日本大百科全書(ニッポニカ) 「タイイブ・サーレフ」の意味・わかりやすい解説
タイイブ・サーレフ
たいいぶさーれふ
ayyib āli
(1929―2009)
スーダンの作家。スーダン北部の寒村に生まれる。コーランの暗唱を目的とする田舎(いなか)の学校に通い、やがて首都ハルトゥームのゴードン・カレッジで学んだのち、イギリスへ留学し、エクスターおよびロンドン大学で学ぶ。その後BBC放送局の演劇部門における仕事に携わったのち、カタールの情報省を経てパリのユネスコに籍を置きながら、創作にあたる。1960年ごろから創作を始めたが、概して寡作の作家であった。代表作としては、『ワド・ハーミドのドウマの樹(き)』(1962)、『ゼーンの結婚』(1966)、『北へ遷(うつ)りゆく時』(1966)、『バンダル・シャー』(1971)などがある。とくに『北へ遷りゆく時』は、これまでのアラブ現代小説から一頭地を抜いており、アラブの文芸批評家たちに衝撃を与えた。作品は語り手が物語を明かしてゆく手法をとりつつ、しだいに語り手も物語に参入し、複合的にドラマが織りなされてゆく。標題の北とは、南の地スーダンからみたヨーロッパ、イギリスである。ムスタファという名のスーダンの優れた頭脳がヨーロッパ文明の一分野(経済学)を目ざし、短期間に吸収、征服しイギリスの大学で経済学を講ずるべく教壇に立つが、同時に彼はイギリス女性を次々に渉猟し、死に追いやる事件を引き起こす。やがて彼は、妻殺害の咎(とが)で投獄される。刑を終えたムスタファはナイルの上流にある故郷に帰る。彼はそこで家庭をもち静かな生活が始まるが、ナイルの水かさが増したある夏の夜、その流れの中で謎の死を遂げる。この作品には、イギリス植民地主義による暴虐とその禍根に対する、スーダンからの個による復讐(ふくしゅう)劇やイスラムの狭い枠に規定されない汎宗教的風土の示唆など、多様なテーマが盛り込まれ、さまざまな読み方を可能にする奥深い書である。海外の文芸批評も、この書のさまざまなテーマを扱い、作品論も刊行されている。

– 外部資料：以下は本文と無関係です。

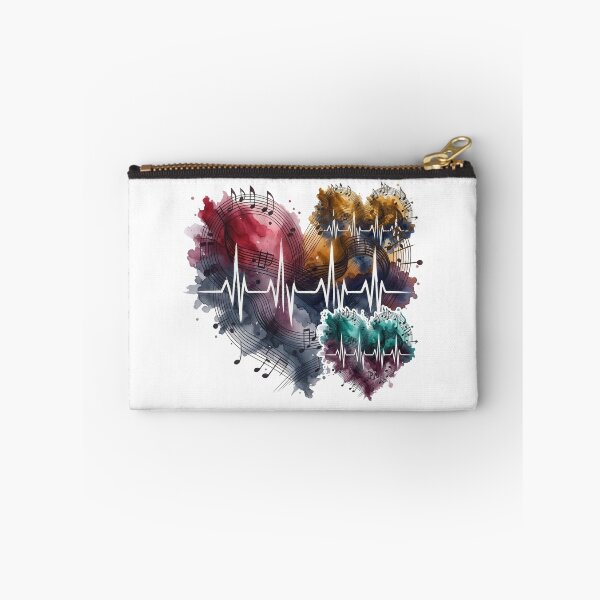 Item preview, Music Heartbeat – Musical Notes & Love Rhythm designed and sold by StyxIND.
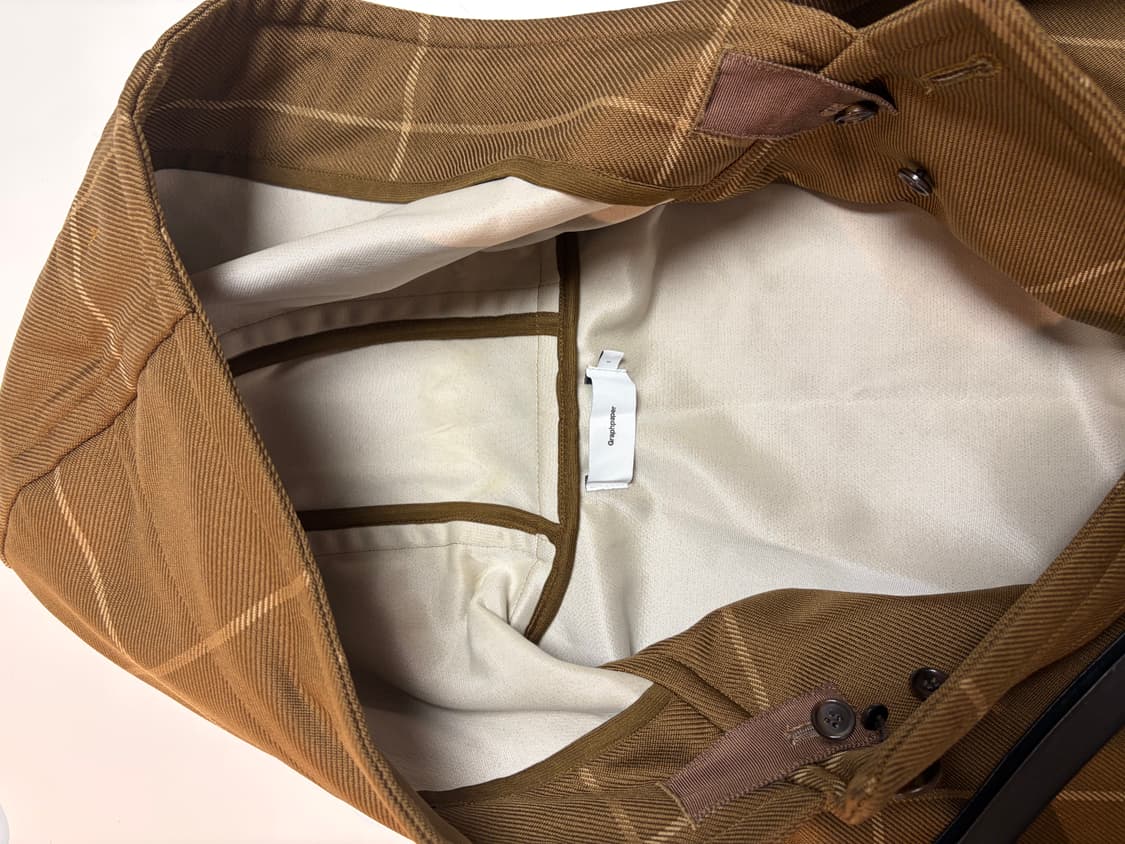 Graphpaper 체크 패턴 코트 사이즈 1 상품이미지6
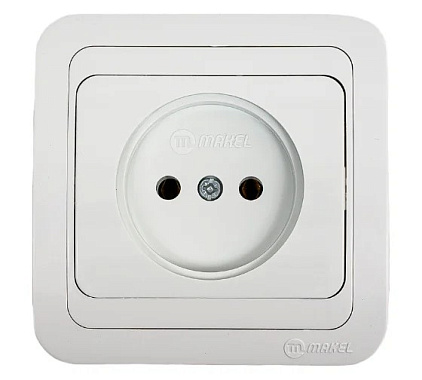 Розетка 1 СП 16А Makel Mimoza белый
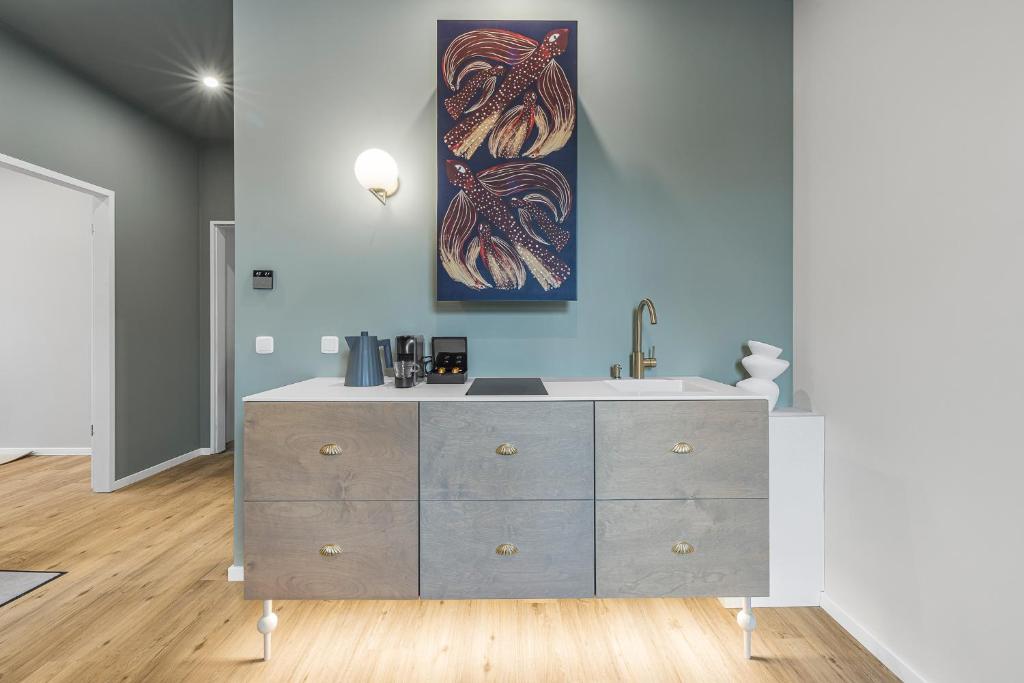 kalm stay - a design Aparthotel - Resim 38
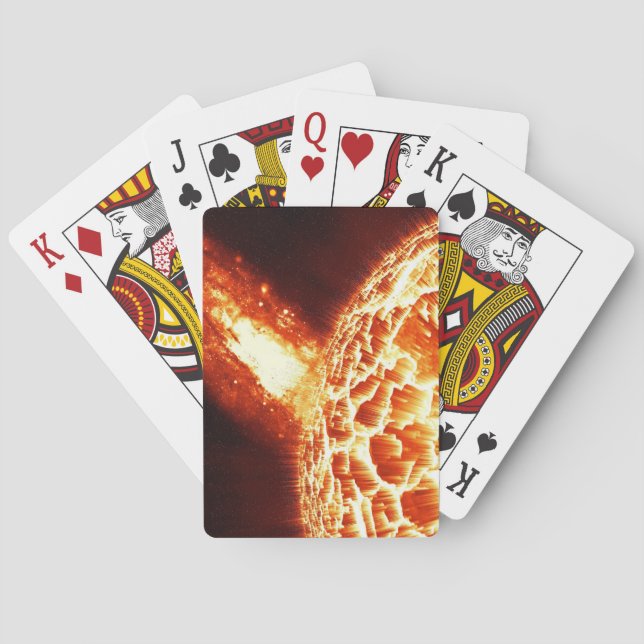 HOW HOT ARE SUN EXPLOSIONS! PLAYING CARDS (Back)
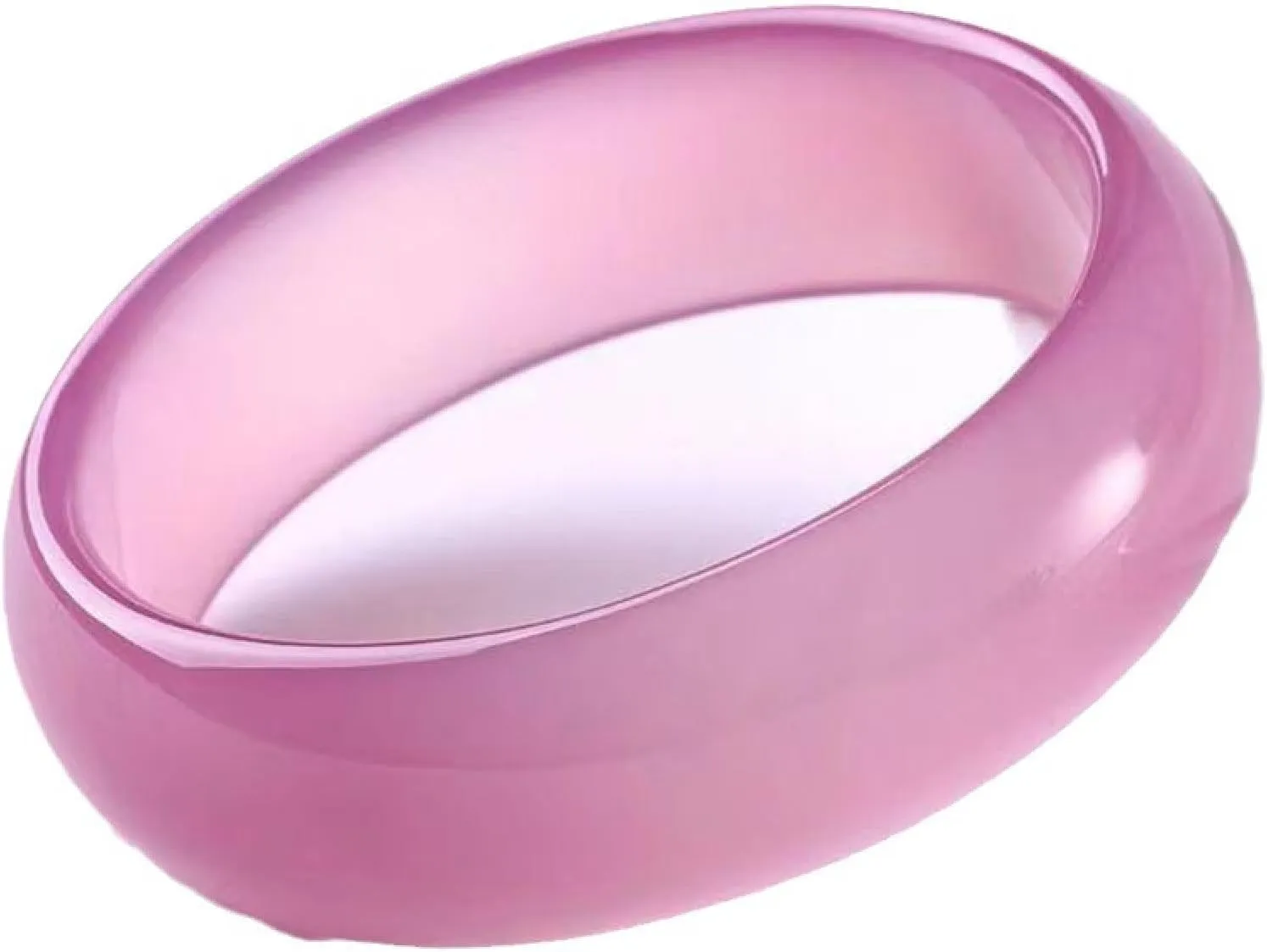 Natural Jade Bangle Bracelet,Pink Widening Jade Marrow,Women's Agate Jade Bracelet.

スーダンには詩という韻文の蓄積は幾分あったにしろ、小説という散文のジャンルにおける伝統のようなものは皆無に近かった。タイイブ・サーレフはそのような状況下にあって、『北へ遷りゆく時』を世に問うた。それはまったく予期せぬことであっただけに、とりわけ激しい衝撃を受けたエジプトの文芸批評家たちは驚きながらも絶賛した。こうしてサーレフは、現代アラブ文学における注目されるべき作家の一人となったのである。
サーレフには、『ゼーンの結婚』という佳作がある。『北へ遷りゆく時』によって、北(イギリス)から南(スーダン)への帰還を終えた作家・サーレフはもはや外界に目を向けようとはせず、ナイルの岸辺に生きる土着の社会に注目し、そのなかにナイルの申し子ともいうべきゼーンという名の人間を解き放って『ゼーンの結婚』を書いた。闇(やみ)深く、一見文明から取り残された感はあるが、ナイルから奔放な生命力を与えられたこの地こそ、人間のまがいなき真正な生を叶(かな)えてくれる地であることを、この作品は明かしている。